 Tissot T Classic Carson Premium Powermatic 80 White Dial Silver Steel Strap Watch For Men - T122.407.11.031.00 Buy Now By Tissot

###

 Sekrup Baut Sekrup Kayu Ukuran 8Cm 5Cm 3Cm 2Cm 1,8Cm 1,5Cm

###

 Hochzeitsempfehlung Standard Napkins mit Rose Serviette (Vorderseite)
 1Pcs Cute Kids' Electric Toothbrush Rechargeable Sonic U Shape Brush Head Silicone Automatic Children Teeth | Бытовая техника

###

Task = From the listing above, output exactly the run of lines that starts with the line containing "Hochzeitsempfehlung Standard Napkins" and ends with the line containing "1Pcs Cute Kids'".

Response box =
 Hochzeitsempfehlung Standard Napkins mit Rose Serviette (Vorderseite)
 1Pcs Cute Kids' Electric Toothbrush Rechargeable Sonic U Shape Brush Head Silicone Automatic Children Teeth | Бытовая техника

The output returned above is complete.